Her mouth fell open in surprise. Before Dani could find her voice to answer, Marcus sauntered from the rear of the shop, looking like any other gentleman strolling along Bond Street that afternoon, tending to errands and paying off accounts.
Oh, who was she attempting to fool? Nothing about him was ordinary, and the shopgirls noticed it, too, all of them pausing in their work to watch him as he walked past. Other men might have been more dashing and handsome. Others might have somehow been more powerful and commanding. But put all that together into one man…breathtaking.

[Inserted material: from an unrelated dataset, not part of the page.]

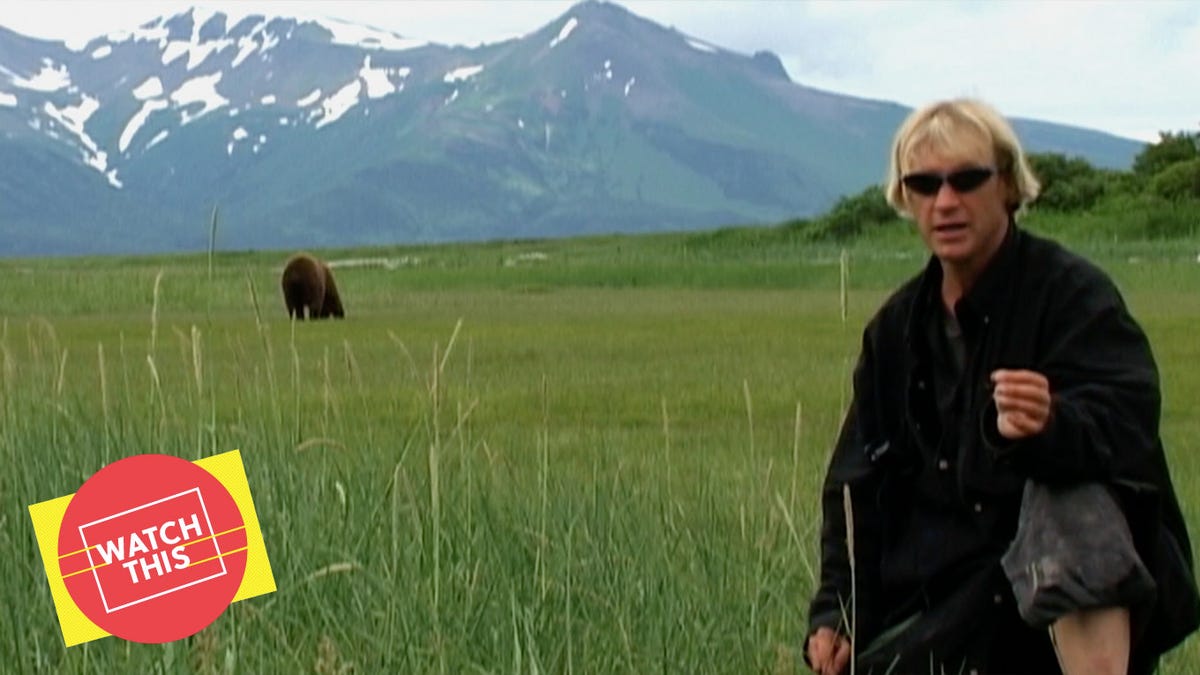 Werner Herzog’s Grizzly Man is a nature doc about the strangeness of humans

He stepped up to her side.
“How lovely of His Grace to meet with me this afternoon in your shop, Mrs. Harris, exactly as we’d planned,” Dani announced, loudly and quickly, declaring the excuse for why he was in the shop in case anyone dared to spread rumors about the two of them being alone together. “Why, at dinner just the other evening, he offered to pay for the all dresses that you’ve been making as a charity for poor women in need.”
“He did, did he?” he muttered, realizing the trap he’d stepped into.
“Oh yes! All of them.” She tapped the counter. “Do you happen to have your account book handy, Mrs. Harris?”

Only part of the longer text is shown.